• **Problem statement**: When you reach the line containing "Infantino Go Gaga" in the data below, begin returning lines exactly as written, and stop once the line containing "Double decker grilled" has been returned.

• **Given entries**:
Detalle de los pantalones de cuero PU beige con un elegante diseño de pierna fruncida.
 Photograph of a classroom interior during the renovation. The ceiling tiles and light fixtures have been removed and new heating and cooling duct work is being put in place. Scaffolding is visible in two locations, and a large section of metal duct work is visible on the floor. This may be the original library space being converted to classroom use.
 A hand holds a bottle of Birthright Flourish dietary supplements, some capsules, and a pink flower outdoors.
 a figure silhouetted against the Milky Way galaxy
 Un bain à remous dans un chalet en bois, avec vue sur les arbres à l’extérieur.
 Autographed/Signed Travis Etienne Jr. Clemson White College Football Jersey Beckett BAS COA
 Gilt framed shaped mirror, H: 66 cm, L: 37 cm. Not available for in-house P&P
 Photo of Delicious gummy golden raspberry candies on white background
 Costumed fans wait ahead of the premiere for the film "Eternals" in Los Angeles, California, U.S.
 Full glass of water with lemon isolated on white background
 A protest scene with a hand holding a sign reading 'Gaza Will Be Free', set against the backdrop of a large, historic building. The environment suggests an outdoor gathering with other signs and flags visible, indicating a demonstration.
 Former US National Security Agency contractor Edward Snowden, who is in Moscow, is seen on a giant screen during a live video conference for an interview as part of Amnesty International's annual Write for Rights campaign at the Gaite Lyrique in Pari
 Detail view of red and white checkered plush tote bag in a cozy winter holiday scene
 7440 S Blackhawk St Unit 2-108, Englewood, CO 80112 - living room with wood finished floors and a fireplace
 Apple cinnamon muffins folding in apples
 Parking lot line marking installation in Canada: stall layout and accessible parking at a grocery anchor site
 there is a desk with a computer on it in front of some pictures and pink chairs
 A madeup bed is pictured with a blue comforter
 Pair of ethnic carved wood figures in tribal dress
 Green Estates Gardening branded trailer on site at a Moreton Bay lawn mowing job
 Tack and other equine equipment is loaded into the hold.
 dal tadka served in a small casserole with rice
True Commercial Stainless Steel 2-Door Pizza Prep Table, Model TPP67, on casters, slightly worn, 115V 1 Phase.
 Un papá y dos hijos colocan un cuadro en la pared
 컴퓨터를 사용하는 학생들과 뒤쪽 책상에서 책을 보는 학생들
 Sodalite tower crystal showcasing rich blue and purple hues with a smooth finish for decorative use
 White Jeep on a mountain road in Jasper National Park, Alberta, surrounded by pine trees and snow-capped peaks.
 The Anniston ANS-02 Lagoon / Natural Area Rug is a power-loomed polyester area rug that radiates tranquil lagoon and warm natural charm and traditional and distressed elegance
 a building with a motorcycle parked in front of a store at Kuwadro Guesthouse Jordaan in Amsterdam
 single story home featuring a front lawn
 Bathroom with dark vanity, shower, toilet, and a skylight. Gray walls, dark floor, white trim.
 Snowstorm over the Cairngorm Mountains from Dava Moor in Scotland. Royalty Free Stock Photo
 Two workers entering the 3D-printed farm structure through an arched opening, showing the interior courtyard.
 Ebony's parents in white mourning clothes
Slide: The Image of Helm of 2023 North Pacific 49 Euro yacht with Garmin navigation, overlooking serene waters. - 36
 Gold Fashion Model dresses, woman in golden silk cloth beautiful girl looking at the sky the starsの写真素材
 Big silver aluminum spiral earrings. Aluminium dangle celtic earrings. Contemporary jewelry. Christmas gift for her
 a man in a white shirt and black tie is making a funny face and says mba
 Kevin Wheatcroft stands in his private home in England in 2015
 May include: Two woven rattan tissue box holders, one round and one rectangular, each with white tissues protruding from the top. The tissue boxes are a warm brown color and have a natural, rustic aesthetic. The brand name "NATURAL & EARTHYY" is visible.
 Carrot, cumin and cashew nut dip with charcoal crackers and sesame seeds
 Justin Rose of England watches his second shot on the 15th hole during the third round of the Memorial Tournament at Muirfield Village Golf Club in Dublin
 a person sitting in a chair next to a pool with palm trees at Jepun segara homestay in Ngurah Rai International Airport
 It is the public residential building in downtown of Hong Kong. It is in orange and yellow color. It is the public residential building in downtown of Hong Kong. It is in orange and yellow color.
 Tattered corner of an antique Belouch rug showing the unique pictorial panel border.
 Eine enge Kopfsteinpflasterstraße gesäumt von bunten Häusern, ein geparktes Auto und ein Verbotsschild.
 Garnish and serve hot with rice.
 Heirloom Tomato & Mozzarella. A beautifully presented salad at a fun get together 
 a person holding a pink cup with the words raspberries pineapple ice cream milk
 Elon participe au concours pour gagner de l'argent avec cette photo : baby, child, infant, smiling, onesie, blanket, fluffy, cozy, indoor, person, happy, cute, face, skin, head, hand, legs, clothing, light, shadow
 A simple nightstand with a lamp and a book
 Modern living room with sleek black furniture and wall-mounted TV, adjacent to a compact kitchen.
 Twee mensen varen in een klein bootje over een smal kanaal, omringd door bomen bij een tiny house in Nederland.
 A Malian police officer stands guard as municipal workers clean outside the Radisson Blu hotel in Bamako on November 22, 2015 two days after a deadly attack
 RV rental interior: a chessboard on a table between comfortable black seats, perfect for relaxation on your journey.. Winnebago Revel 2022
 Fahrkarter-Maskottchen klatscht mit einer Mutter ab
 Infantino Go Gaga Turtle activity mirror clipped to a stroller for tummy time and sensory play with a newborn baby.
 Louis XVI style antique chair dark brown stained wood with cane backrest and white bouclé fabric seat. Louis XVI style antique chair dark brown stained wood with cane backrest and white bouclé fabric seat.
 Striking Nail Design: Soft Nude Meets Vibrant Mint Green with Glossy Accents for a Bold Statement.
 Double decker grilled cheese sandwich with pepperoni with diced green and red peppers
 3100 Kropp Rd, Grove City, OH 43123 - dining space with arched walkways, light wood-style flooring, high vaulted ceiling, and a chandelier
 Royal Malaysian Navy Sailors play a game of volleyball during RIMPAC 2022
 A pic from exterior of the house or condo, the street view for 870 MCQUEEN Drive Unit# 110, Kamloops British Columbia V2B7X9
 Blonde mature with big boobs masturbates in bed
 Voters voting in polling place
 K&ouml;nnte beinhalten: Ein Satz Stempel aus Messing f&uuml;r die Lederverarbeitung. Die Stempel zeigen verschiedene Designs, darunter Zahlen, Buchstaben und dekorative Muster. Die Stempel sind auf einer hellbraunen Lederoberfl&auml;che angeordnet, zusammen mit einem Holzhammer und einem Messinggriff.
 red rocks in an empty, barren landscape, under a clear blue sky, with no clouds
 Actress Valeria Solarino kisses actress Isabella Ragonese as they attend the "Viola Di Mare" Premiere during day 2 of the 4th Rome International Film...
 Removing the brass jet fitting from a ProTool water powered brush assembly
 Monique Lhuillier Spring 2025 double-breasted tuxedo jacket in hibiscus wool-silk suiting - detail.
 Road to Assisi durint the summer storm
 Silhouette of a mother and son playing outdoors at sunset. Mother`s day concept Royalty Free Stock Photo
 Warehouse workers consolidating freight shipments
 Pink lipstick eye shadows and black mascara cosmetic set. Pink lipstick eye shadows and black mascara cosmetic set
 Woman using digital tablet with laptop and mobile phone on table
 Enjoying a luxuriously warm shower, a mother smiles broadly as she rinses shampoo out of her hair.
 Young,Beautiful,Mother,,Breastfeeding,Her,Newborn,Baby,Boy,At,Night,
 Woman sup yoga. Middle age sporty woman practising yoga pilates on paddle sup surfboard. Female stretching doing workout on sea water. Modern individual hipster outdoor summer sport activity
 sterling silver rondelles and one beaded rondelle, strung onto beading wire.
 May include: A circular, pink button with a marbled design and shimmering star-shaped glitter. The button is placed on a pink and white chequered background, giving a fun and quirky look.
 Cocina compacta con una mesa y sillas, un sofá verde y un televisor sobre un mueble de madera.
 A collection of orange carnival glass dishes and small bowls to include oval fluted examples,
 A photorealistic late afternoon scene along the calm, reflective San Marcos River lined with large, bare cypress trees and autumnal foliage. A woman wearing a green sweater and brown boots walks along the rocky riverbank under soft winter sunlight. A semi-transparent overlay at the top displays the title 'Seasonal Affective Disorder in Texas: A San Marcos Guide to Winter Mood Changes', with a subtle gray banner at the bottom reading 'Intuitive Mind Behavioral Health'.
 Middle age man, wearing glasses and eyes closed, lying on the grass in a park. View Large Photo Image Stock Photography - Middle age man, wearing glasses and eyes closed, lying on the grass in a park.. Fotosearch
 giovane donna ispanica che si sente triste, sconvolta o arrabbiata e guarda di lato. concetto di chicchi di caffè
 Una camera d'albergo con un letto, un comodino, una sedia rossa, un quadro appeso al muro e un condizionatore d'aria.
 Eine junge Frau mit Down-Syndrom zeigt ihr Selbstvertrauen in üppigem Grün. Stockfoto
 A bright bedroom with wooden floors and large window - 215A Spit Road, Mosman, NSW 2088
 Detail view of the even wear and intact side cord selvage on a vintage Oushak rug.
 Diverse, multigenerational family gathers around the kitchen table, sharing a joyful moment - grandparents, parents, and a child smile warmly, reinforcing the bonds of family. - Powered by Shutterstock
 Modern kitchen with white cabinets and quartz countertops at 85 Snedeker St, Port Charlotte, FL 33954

• **Answer space**:
 Infantino Go Gaga Turtle activity mirror clipped to a stroller for tummy time and sensory play with a newborn baby.
 Louis XVI style antique chair dark brown stained wood with cane backrest and white bouclé fabric seat. Louis XVI style antique chair dark brown stained wood with cane backrest and white bouclé fabric seat.
 Striking Nail Design: Soft Nude Meets Vibrant Mint Green with Glossy Accents for a Bold Statement.
 Double decker grilled cheese sandwich with pepperoni with diced green and red peppers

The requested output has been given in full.